Tunnel

class odps.tunnel.TableTunnel(odps=None, client=None, project=None, endpoint=None, quota_name=None, namespace=None)[source]

Table tunnel API Entry.

Parameters:
  • odps – ODPS Entry object

  • project (str) – project name

  • endpoint (str) – tunnel endpoint

  • quota_name (str) – name of tunnel quota

create_download_session(table, async_mode=True, partition_spec=None, download_id=None, compress_option=None, compress_algo=None, compress_level=None, compress_strategy=None, schema=None, timeout=None, tags=None, **kw)[source]

Create a download session for table.

Parameters:
  • table (str | odps.models.Table) – table object to read

  • partition_spec (str | odps.types.PartitionSpec) – partition spec to read

  • download_id (str) – existing download id

  • compress_option (odps.tunnel.CompressOption) – compress option

  • compress_algo (str) – compress algorithm

  • compress_level (int) – compress level

  • schema (str) – name of schema of the table

  • tags (str | list) – tags of the upload session

Returns:

TableDownloadSession

create_stream_upload_session(table, partition_spec=None, compress_option=None, compress_algo=None, compress_level=None, compress_strategy=None, schema=None, schema_version=None, zorder_columns=None, upload_id=None, tags=None, allow_schema_mismatch=True, create_partition=False, slot_num=0, dynamic_partition=False)[source]
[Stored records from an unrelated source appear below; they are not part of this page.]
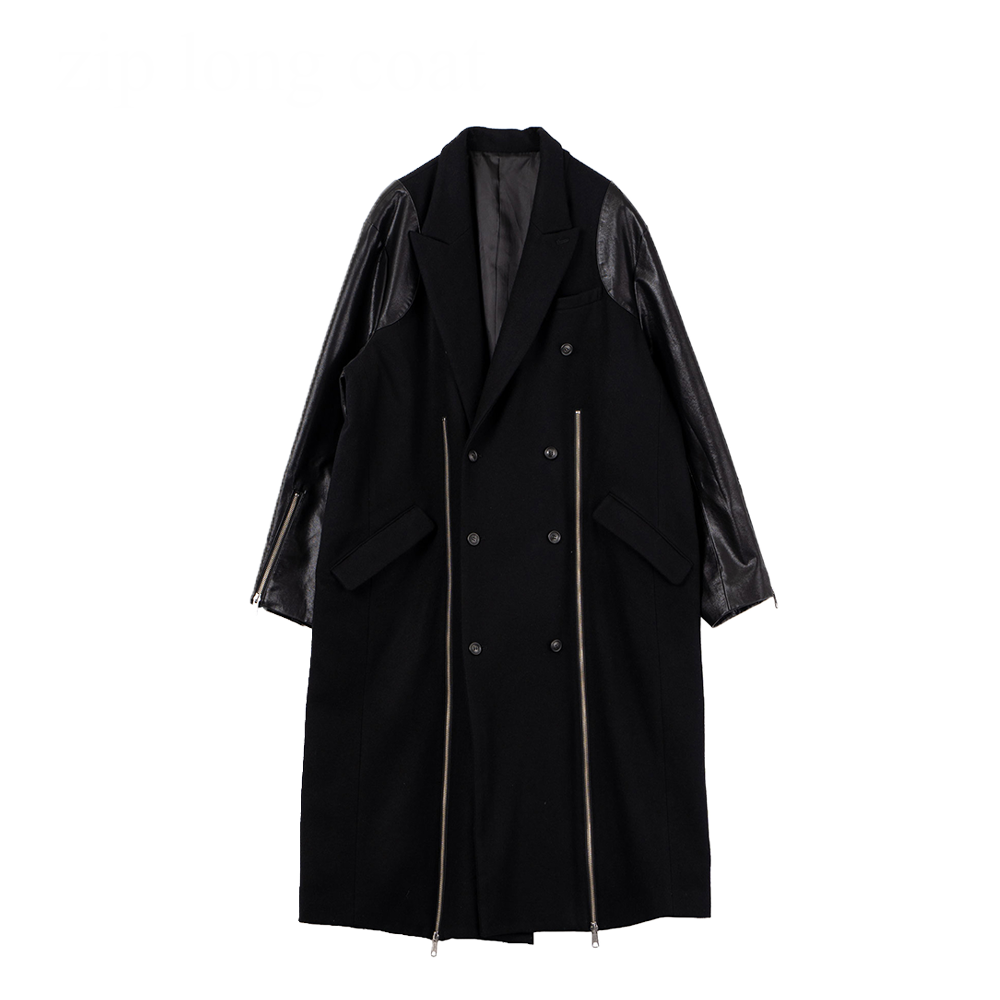 zip_long_coat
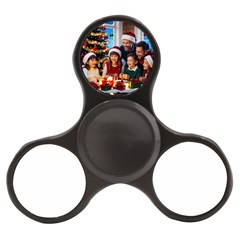 The Christmas Collection Finger Spinner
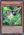 Yugioh - PSY-Framegear Gamma *Select Rarity* RA05-EN006 (NM)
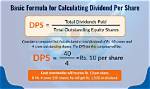 How Dps Is Calculated?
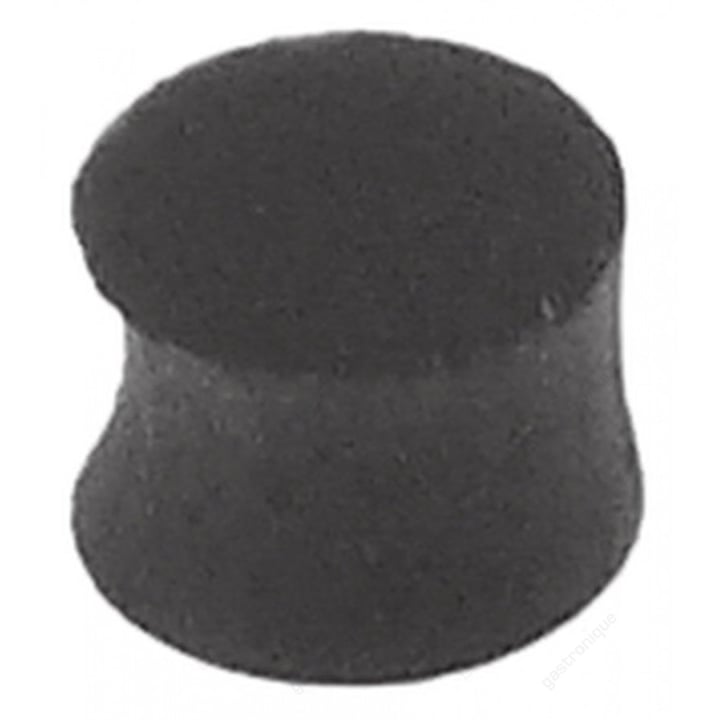 Einbaudose ø 8x6 mm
Create a stream upload session for table.

Parameters:
  • table (str | odps.models.Table) – table object to read

  • partition_spec (str | odps.types.PartitionSpec) – partition spec

  • upload_id (str) – existing upload id

  • compress_option (odps.tunnel.CompressOption) – compress option

  • compress_algo (str) – compress algorithm

  • compress_level (int) – compress level

  • schema (str) – name of schema of the table

  • schema_version (str) – schema version of the upload

  • zorder_columns (str | list) – zorder columns for clustering

  • tags (str | list) – tags of the upload session

  • allow_schema_mismatch (bool) – whether to allow table schema to be mismatched

  • create_partition (bool) – whether to create partition if not exist

  • slot_num (int) – number of slots for the session

  • dynamic_partition (bool) – whether to enable dynamic partition

Returns:

TableStreamUploadSession

create_upload_session(table, partition_spec=None, upload_id=None, compress_option=None, compress_algo=None, compress_level=None, compress_strategy=None, schema=None, overwrite=False, create_partition=False, tags=None)[source]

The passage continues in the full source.